The firm’s name has been resurrected seven years after it was merged with Haden Young to create Balfour Beatty Engineering Services.
The newly-formed M&E business will turnover around £300m with a direct workforce of 2,200.
It is being led by managing director Simon Lafferty, who ran the engineering construction operation from Glasgow and brings more than 30-years’ experience in the mechanical and electrical sectors.
His counterpart at engineering services Mark Hoyland is leaving the business after two years as part of the restructure. Balfour Beatty said as yet there were no plans for further staff cuts.
Lafferty said: “Balfour Beatty Kilpatrick will be one of the largest organisations of its type in the UK, offering a range of services and capabilities unique in the mechanical and electrical market.
“This move will deliver real benefits for our customers as well as ensuring that we continue to attract and retain the best talent across our industry by offering exceptional and diverse opportunities to work across our sectors.”

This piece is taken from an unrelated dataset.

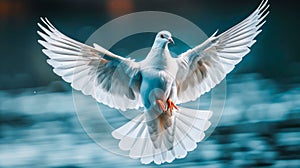 Majestic White Dove in Mid Flight with Outstretched Wings Over Calm Blue Water Background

Balfour Beatty Kilpatrick will target the nuclear, power, infrastructure, process and defence, transport, healthcare, education, residential and commercial sectors.
It will offer additional capabilities through its in-house modular manufacturing facility, Modular Systems +, and its industrial mechanical pipe fabrication facility, which manufactures and installs large, complex, low and high-pressure fabricated piping systems.
Balfour Kilpatrick starts with preferred bidder status for the Hinkley Point C Nuclear power station main electrical package.
Its present contract portfolio includes works on the Queen Elizabeth Class aircraft carriers project, Urenco’s Tails Management Facility project, Crossrail’s Woolwich and Whitechapel stations, the Gatwick Airport Framework and three major projects within the Nuclear Decommissioning Agency’s Sellafield site.
Lafferty will continue to report to Balfour Beatty’s UK Construction Services managing director, Dean Banks.